2) It would make you far more inclined to convert people over to your primary culture, thus both making more use of cutlure conversion (to get more of the far more profitable de jure land)
3) It would make development (especially in De Jure land) something you do much more proactively and try to incentivize instead of just being an afterthought or a dump for monarch points when you get close to max level.
4) It would make estates, imho, both more interesting. Not by much, but every little bit helps.

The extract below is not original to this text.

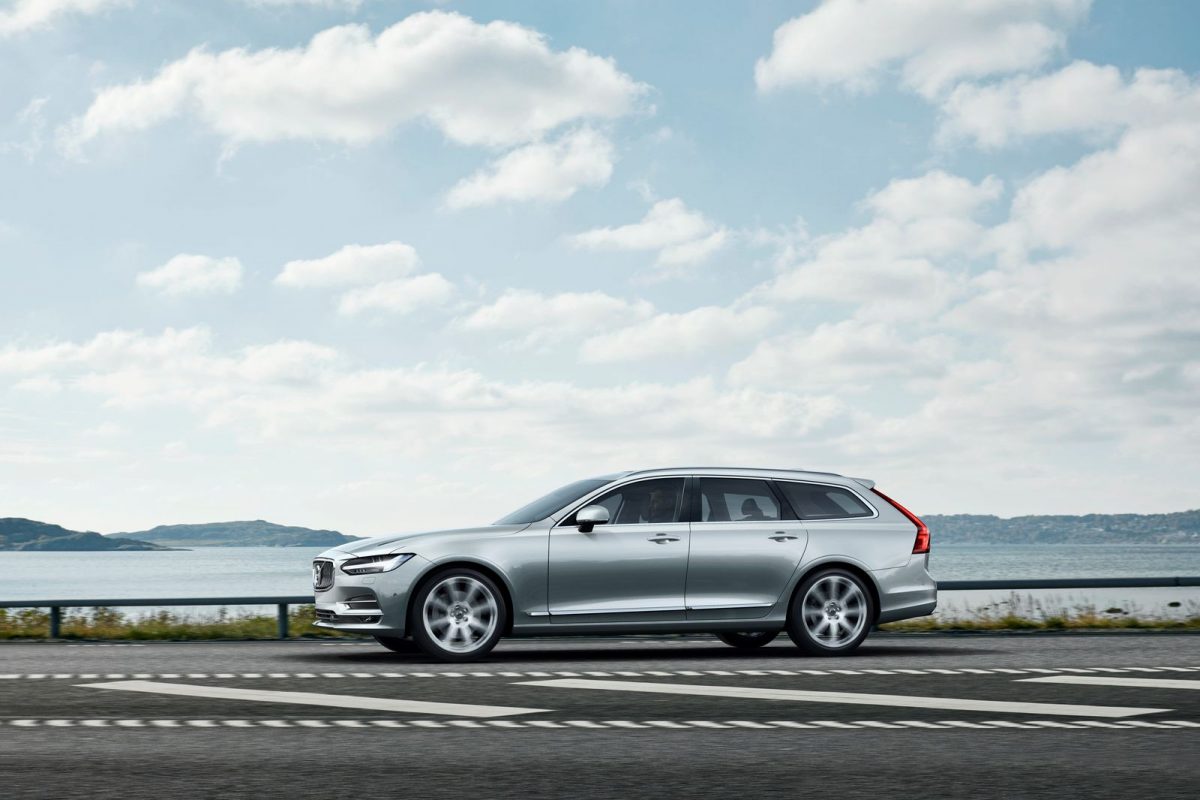 VOLVO V90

5) Encourages peace-time play
6) Encourage dismembering large, unstable empires
7) Since you now get less direct benefit from just taking all land in sight, you are more inclined to be more diplomatic and have long-lasting allies, instead of the game just devolving into a handful of ultra-powerful blobs. France and the PLC can be friends for a long time now. Stretching from one end of Europe to another, while still possible, is less alluring.
8) Some portions of it would be relatively light on AI burden (although some less so), meaning that, at least in part, this would not require a huge AI overhaul, or maybe even an overly large one
9) Somewhat of a fix to the ridiculous and annoying Increased Coring Cost mechanic
10) It would give you an indirect method of both influencing and implementing a balance of power, as well as a reason for wanting a balance of power instead of just being a large blob
Possible expansions on the system would be to make super-culture groups (e.g. Eastern and Western Slavic are part of the Culture Supergroup), and converting cultures within a culture super group is a bit cheaper for an empire, than normal. Thus, empires can still expand beyond their normal culture groups to a degree. So you can truly unify India to make it one unified, De Jure state, but unifying India
and Persia into one large, De Jure state would be more costly.
This should, hopefully, appease most parties, and also not draw huge accusations of "badwrongfun".
Further refinements could be made in terms of expanding peace-time play through use of expanded trade and colonization mechanics, which I will go into if people wish me to, but otherwise, not.